Execute the following kubectl port-forward command to access VMAgent through port forwarding:
```
kubectl port-forward -n monitoring svc/vmagent-demo 8429:8429 &>/tmp/portforward-vmagent.log &
```
Then, you can access http://localhost:8429/targets in your browser view the monitoring data collection status.

Configure monitoring dashboards

To configure the monitoring dashboard, perform the following steps:

Follow the Grafana official documentation to deploy Grafana. This document uses version 12.0.0-security-01 as an example.

Execute the following kubectl port-forward command to access Grafana through port forwarding:

kubectl port-forward -n ${namespace} ${grafana_pod_name} 3000:3000 &>/tmp/portforward-grafana.log &

Then, you can access http://localhost:3000 in your browser. The default username and password are both admin. If you install Grafana using Helm, execute the following command to get the password of admin:
```
kubectl get secret --namespace ${namespace} ${grafana_secret_name} -o jsonpath="{.data.admin-password}" | base64 --decode ; echo
```
Add a data source of type Prometheus in Grafana and set the Prometheus Server URL based on your monitoring setup:
- For Prometheus, set the URL to http://prometheus-operated.monitoring.svc:9090.
- For VictoriaMetrics, set the URL to http://vmsingle-demo.monitoring.svc:8429.
Download Grafana dashboards for TiDB components using the get-grafana-dashboards.sh script and import them manually into Grafana.

Configure alerts

You can manage and send alerts using Alertmanager. For specific deployment and configuration steps, refer to the Alertmanager official documentation.

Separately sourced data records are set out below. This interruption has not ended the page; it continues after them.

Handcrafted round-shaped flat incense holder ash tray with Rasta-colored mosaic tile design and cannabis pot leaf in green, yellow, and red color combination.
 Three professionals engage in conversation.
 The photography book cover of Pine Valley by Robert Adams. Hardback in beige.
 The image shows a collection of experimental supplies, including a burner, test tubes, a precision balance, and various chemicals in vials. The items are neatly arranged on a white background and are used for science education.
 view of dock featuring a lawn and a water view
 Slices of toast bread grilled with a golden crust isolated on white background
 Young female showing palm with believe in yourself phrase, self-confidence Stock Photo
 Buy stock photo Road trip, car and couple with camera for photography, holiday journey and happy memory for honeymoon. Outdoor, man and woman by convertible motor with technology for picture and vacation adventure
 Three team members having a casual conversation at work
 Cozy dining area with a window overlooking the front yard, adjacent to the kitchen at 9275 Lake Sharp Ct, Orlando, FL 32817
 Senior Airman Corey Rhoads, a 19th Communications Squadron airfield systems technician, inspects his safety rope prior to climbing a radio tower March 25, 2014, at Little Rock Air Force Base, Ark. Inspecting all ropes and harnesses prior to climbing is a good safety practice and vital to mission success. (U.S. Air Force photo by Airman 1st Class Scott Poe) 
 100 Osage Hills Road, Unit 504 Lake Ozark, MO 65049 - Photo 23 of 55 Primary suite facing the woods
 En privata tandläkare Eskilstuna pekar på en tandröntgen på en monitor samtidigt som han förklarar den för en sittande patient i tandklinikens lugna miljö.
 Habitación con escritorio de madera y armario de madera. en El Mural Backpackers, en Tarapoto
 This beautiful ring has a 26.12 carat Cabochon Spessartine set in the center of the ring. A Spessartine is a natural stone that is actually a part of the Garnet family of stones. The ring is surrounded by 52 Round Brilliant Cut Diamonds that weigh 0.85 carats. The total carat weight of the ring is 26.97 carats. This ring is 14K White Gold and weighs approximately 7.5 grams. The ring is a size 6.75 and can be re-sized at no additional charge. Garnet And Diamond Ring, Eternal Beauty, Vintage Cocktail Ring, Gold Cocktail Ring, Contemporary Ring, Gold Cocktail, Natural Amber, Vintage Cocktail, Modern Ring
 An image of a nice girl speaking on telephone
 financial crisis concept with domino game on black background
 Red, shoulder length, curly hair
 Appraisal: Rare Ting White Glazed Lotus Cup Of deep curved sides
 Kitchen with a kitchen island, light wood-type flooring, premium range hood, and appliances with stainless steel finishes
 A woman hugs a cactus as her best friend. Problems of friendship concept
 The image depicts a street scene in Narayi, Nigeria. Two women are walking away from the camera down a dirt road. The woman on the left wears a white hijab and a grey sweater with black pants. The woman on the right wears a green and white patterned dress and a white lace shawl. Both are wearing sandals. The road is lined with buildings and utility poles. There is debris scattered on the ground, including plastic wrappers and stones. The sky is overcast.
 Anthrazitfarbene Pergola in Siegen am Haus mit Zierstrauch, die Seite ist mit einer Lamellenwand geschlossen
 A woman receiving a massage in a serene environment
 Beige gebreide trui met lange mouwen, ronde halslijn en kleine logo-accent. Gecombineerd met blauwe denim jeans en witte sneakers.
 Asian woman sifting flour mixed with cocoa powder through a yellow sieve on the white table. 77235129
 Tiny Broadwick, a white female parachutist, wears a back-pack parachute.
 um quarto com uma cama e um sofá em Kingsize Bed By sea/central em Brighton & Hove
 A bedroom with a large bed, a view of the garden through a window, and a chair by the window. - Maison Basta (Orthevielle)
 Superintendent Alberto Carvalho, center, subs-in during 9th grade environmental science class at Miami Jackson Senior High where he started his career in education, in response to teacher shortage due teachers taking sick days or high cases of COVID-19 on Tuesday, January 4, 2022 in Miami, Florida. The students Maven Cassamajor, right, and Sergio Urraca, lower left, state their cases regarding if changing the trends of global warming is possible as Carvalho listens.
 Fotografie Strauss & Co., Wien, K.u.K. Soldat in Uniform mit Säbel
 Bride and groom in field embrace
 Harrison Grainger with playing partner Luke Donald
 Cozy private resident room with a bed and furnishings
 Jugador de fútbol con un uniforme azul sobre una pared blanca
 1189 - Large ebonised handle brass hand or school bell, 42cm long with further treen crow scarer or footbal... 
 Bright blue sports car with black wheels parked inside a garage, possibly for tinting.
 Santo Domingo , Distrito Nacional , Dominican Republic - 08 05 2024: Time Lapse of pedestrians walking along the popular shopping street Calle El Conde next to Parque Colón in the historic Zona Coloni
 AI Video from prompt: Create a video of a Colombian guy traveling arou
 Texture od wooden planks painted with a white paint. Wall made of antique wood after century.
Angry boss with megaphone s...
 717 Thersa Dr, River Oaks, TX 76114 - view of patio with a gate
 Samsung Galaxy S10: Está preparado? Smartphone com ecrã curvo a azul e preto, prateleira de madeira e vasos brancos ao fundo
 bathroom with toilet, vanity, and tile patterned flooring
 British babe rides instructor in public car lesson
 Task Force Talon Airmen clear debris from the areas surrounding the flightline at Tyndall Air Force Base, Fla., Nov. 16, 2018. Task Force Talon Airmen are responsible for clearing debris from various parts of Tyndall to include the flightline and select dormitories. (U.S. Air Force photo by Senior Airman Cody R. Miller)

Monitor multiple clusters using Grafana

To monitor multiple clusters in Grafana, perform the following steps:

In the Grafana dashboard, click Dashboard settings to open the Settings page.
On the Settings page, select the tidb_cluster variable under Variables, and set the Hide property of the tidb_cluster variable to empty.
Return to the dashboard. You will see a cluster selector dropdown. Each option follows the ${namespace}-${tidb_cluster_name} format.
Click Save dashboard to apply the changes.